- Exercise instructions:
The expected answer is the set of lines in the data below between the line holding "Measure the maximal" and the line holding "One problem associated", inclusive, written out exactly.
*** Given data Section Begins ***
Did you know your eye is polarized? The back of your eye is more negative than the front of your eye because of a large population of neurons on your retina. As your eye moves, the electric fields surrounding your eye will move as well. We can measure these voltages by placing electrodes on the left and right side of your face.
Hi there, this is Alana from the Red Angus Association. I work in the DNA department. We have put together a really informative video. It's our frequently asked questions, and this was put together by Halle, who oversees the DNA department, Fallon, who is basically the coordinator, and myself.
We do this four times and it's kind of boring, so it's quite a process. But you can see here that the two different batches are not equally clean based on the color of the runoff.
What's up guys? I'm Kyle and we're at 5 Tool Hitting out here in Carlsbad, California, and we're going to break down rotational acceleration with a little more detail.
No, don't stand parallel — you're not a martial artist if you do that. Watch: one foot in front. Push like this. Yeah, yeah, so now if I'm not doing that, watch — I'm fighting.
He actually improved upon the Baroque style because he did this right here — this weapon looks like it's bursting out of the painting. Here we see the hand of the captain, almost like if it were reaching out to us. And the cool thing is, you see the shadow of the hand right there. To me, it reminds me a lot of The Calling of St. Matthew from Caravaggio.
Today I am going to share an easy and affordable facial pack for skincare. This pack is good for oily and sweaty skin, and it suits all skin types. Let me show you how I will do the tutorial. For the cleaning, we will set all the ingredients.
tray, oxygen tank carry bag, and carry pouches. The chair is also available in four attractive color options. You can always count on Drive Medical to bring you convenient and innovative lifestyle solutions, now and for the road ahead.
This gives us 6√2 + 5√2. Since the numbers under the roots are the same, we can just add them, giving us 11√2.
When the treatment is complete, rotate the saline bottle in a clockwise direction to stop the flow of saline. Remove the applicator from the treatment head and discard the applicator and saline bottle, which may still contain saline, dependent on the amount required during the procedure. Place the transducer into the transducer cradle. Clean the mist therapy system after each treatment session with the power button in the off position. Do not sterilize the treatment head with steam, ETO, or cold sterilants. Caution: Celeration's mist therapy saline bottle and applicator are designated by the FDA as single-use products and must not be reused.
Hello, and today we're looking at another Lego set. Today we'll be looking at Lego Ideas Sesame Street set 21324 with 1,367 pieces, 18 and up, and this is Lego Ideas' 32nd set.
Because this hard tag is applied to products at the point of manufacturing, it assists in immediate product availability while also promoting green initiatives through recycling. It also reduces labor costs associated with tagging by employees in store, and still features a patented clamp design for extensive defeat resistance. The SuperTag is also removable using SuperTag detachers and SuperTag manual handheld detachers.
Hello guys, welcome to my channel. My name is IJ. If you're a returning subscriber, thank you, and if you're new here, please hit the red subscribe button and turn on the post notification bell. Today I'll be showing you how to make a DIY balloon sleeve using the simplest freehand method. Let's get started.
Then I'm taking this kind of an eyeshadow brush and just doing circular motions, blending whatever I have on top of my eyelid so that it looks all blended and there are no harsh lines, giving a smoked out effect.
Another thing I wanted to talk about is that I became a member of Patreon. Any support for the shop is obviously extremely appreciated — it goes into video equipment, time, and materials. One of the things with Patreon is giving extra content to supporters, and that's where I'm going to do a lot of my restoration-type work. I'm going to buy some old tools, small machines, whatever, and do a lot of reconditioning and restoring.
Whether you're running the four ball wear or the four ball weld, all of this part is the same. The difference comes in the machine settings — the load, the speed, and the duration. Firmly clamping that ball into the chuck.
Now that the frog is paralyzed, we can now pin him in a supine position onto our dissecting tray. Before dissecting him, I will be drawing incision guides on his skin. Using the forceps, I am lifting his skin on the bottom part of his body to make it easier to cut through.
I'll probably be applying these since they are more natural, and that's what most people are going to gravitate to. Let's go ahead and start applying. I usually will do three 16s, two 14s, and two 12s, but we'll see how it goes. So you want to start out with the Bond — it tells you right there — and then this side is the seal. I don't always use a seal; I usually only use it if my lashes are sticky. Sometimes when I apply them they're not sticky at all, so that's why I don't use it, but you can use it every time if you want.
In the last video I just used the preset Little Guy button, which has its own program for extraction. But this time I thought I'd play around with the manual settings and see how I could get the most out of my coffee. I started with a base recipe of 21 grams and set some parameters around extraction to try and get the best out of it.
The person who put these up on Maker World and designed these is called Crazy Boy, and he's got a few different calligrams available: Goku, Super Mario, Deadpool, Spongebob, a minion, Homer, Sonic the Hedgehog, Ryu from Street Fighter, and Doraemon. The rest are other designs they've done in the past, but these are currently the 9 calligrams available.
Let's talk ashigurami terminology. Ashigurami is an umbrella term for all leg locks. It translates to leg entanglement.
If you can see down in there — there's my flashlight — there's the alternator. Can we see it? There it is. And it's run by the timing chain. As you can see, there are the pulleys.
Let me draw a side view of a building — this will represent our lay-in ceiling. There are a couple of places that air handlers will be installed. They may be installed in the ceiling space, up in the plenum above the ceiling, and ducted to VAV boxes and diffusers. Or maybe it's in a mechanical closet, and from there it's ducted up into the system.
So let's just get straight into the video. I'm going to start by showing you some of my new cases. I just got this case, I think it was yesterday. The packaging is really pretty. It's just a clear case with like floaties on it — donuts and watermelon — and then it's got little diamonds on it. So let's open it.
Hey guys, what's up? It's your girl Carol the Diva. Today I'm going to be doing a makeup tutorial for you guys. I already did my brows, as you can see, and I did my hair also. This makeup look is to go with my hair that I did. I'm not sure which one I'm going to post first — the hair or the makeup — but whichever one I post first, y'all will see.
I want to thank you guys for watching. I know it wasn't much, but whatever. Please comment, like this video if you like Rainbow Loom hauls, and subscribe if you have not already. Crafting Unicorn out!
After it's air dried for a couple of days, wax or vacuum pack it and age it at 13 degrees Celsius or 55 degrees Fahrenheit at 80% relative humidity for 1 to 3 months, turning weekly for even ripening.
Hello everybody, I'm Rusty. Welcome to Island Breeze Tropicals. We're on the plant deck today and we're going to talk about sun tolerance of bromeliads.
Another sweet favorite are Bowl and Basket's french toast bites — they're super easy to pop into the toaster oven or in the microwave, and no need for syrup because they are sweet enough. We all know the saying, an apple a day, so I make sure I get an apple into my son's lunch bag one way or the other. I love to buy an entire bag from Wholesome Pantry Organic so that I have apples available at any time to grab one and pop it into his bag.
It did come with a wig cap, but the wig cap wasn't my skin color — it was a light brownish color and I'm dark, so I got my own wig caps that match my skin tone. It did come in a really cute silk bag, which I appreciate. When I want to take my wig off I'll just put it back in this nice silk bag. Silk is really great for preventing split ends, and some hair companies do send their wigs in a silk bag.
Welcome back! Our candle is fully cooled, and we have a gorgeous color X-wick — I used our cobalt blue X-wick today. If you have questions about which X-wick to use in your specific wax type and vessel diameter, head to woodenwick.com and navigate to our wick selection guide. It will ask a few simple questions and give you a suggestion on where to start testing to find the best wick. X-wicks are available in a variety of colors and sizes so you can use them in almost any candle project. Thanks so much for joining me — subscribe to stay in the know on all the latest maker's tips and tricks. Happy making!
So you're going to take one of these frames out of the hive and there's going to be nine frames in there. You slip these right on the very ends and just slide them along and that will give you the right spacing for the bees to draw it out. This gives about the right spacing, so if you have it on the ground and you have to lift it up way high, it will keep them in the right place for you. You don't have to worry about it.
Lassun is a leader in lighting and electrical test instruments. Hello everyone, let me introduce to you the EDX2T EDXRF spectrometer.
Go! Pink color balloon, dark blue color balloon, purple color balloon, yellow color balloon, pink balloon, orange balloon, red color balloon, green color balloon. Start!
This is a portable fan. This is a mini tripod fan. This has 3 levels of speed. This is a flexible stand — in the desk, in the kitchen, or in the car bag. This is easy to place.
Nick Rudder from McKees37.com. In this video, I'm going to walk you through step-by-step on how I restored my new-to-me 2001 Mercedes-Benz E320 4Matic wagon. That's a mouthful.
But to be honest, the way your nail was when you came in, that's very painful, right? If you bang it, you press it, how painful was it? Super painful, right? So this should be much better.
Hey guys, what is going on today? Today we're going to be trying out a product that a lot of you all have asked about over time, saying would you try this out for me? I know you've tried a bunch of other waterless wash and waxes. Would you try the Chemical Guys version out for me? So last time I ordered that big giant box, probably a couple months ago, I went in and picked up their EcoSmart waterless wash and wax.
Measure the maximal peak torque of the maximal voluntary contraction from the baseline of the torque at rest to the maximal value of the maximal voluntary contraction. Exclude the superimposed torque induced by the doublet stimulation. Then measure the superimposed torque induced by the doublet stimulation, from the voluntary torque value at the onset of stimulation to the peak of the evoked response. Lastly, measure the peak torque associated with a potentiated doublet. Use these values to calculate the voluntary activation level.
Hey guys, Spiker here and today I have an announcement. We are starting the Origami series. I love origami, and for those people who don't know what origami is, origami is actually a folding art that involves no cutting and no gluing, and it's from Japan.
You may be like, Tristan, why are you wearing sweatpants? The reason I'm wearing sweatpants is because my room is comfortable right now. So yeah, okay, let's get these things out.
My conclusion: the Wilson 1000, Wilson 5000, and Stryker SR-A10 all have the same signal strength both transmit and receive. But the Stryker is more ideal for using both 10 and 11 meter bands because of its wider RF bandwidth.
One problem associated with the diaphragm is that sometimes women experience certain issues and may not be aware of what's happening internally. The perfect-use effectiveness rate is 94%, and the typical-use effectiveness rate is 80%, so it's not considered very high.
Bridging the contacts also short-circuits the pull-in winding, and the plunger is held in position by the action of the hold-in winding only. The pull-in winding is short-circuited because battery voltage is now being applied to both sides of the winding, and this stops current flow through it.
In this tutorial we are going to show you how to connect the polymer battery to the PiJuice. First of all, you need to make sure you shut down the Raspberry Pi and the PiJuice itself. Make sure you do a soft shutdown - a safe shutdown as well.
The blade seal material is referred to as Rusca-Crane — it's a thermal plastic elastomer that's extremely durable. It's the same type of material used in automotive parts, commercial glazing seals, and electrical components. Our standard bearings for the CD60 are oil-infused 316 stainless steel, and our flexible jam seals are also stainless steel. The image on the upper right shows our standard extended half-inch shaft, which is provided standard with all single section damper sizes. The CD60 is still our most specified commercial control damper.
*** Given data Section Ends ***
- Written response:
Measure the maximal peak torque of the maximal voluntary contraction from the baseline of the torque at rest to the maximal value of the maximal voluntary contraction. Exclude the superimposed torque induced by the doublet stimulation. Then measure the superimposed torque induced by the doublet stimulation, from the voluntary torque value at the onset of stimulation to the peak of the evoked response. Lastly, measure the peak torque associated with a potentiated doublet. Use these values to calculate the voluntary activation level.
Hey guys, Spiker here and today I have an announcement. We are starting the Origami series. I love origami, and for those people who don't know what origami is, origami is actually a folding art that involves no cutting and no gluing, and it's from Japan.
You may be like, Tristan, why are you wearing sweatpants? The reason I'm wearing sweatpants is because my room is comfortable right now. So yeah, okay, let's get these things out.
My conclusion: the Wilson 1000, Wilson 5000, and Stryker SR-A10 all have the same signal strength both transmit and receive. But the Stryker is more ideal for using both 10 and 11 meter bands because of its wider RF bandwidth.
One problem associated with the diaphragm is that sometimes women experience certain issues and may not be aware of what's happening internally. The perfect-use effectiveness rate is 94%, and the typical-use effectiveness rate is 80%, so it's not considered very high.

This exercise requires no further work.